Less could be more, friction-drive

emco5

Active Member
The logical side of my brain leans toward strong mid-drives that utilize a bike’s gear train, but the K.I.S.S. engineering principle keeps me pondering less complex ideas. Back in 2010, 'adrian_sm' posted about his Commuter Booster friction-drive idea at Endless-Sphere. From my perspective, it was a brilliantly simple way to add a bit of boost. Obviously, the small motor and wet-tire challenges are there, but the concept still has merit. Adrian_sm is no longer producing his kit but a very similar drive called "Hidden Power" is manufactured by a company in Korea. Little brushless motors, when allowed to spin and be geared down, can produce surprising torque for things like drills and saws. This Korean unit does not appear to have much gear reduction so I suspect that moderate wheel rpm is important to prevent a hot motor and ESC. Have any of you experimented with this unit? I’m really curious how efficient it is.

https://endless-sphere.com/forums/viewtopic.php?f=28&t=22187

http://www.hiddenpower.co.kr/international
 

emco5

Active Member
FYI....
Google found data from a business in San Diego that used to sell the Hidden Power system. It appears that the motor is turned off to prevent overload when you'd need it most.... like on hills. I doubt rider safety is the concern. :rolleyes:

"The electric speed controller cuts off power for your safety in the following events.

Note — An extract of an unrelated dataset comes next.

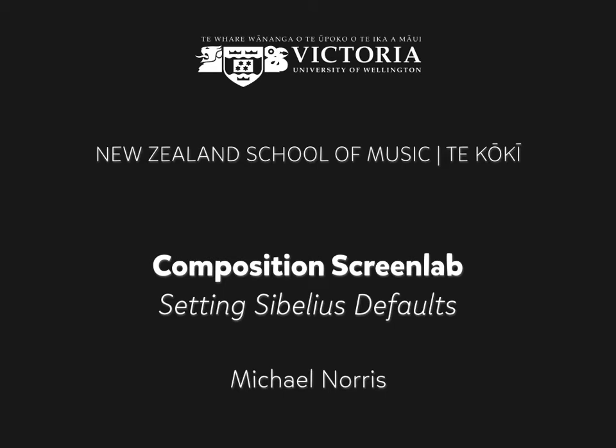Kia ora and welcome to this NZSM Composition Screen Lab: Setting Sibelius Defaults. In this lab, we'll be looking at how to set up Sibelius to help make your scores look more legible and professional, as well as meet the page layout guidelines in the NZSM Guide to Music Notation.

When you try to start the bike only with electric power.
When you try to use the power mode without pedaling after moving short distance at low speed
When you try to use the power mode when cycling uphill or when overloaded.
When you try rapid acceleration in power mode without pedaling.
At sudden start. (Even normal start may cause power-off sometimes in some unfavorable conditions.)
When the battery is empty. (Power cuts off automatically for battery protection.
In high temperature or when the kit recognizes certain conditions are unfavorable."

http://mefast.com
 

MLB

Well-Known Member
I think these would be perfectly adequate for MANY "real" riders (that want to peddle) , but most will never try one because they "can't make enough power" to be the self powered vehicle so many others expect.
 

MLB

Well-Known Member
On all (3) of my ebikes, I'm using "about" 25% of the available power when it's on. I'm strong and peddle all the time by choice, as these would be perfect for.
All of my setups are way overpowered, even overkill for me.